• **EXERCISE DETAILS**
Reproduce exactly the entries from the "Wildlife photographer Daisy" line to the end. Skip all pictures.

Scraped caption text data
'''

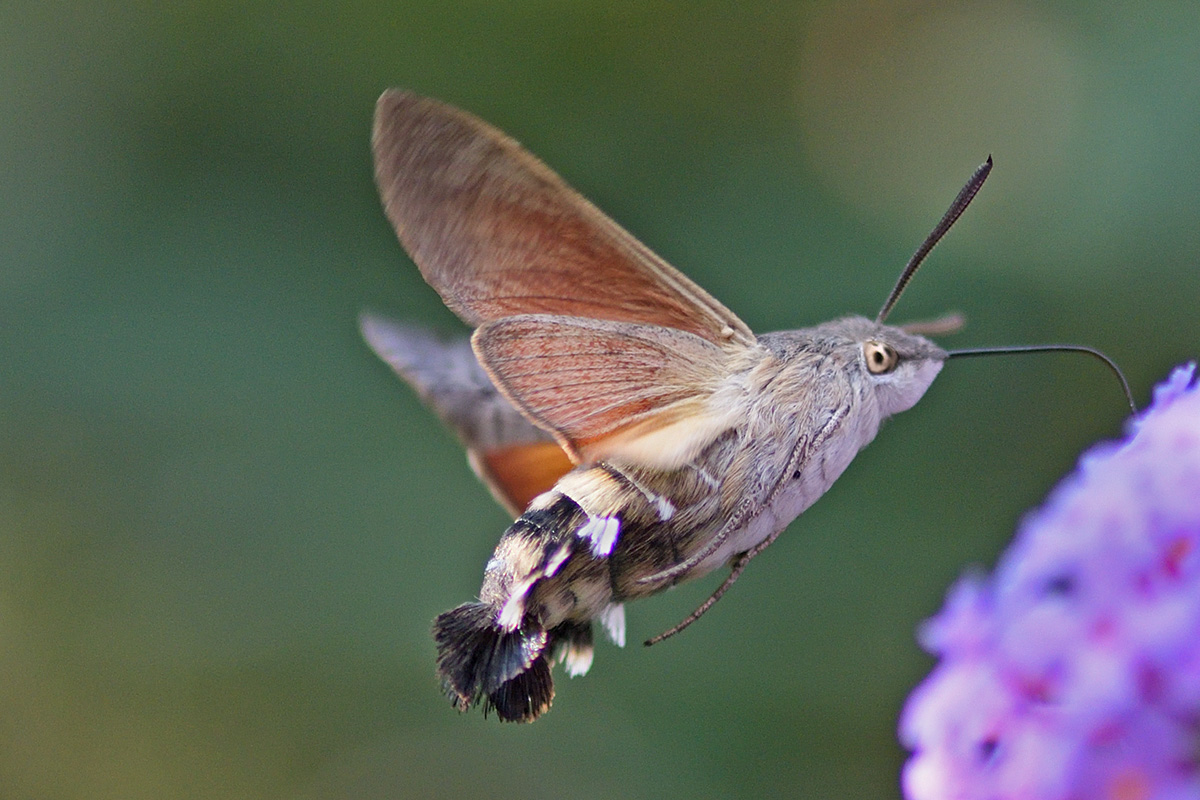 Hummingbird Hawk-Moth (Macroglossum stellatarum) (4)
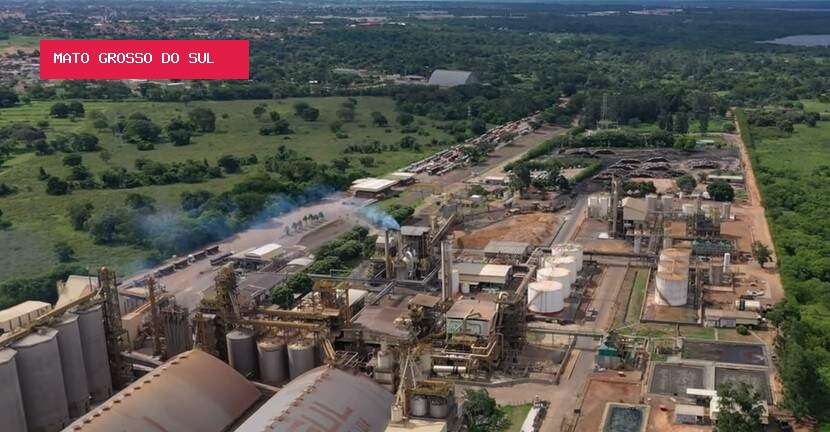 Produção de biodiesel cresce 32% em MS e supera 31 milhões de litros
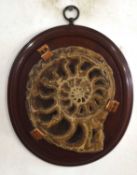 Wall mounted Crystalised Ammonite fossil mounted on mahogany shield with copper mounts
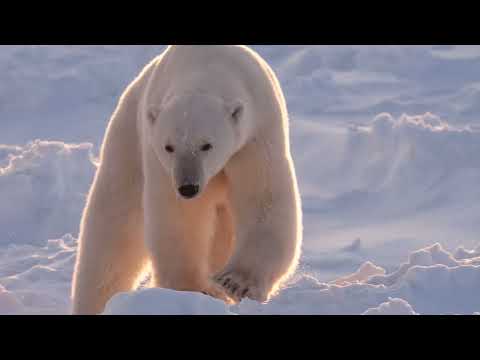 Wildlife photographer Daisy Gilardini on her polar bear photography portfolio.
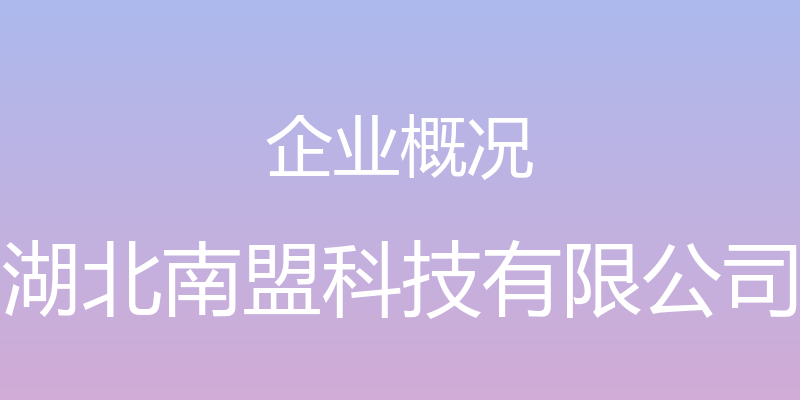 企业概况 - 湖北南盟科技有限公司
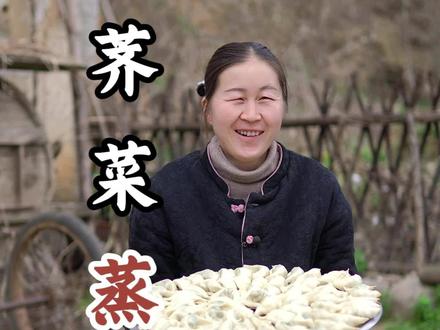 在河南老家,一到春天有吃不完的野菜,这个季节正是吃荠荠菜的时候,用它做个河南特色美食荠荠菜蒸饺,皮薄馅多,鲜香味美,这限定的美味可一定不要错过#又到了吃野菜的季节#荠荠菜蒸饺#花开见乡村#新农人计划2026#惬意的农村生活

'''

• **WRITTEN ANSWER**
 Wildlife photographer Daisy Gilardini on her polar bear photography portfolio.
 企业概况 - 湖北南盟科技有限公司
 在河南老家,一到春天有吃不完的野菜,这个季节正是吃荠荠菜的时候,用它做个河南特色美食荠荠菜蒸饺,皮薄馅多,鲜香味美,这限定的美味可一定不要错过#又到了吃野菜的季节#荠荠菜蒸饺#花开见乡村#新农人计划2026#惬意的农村生活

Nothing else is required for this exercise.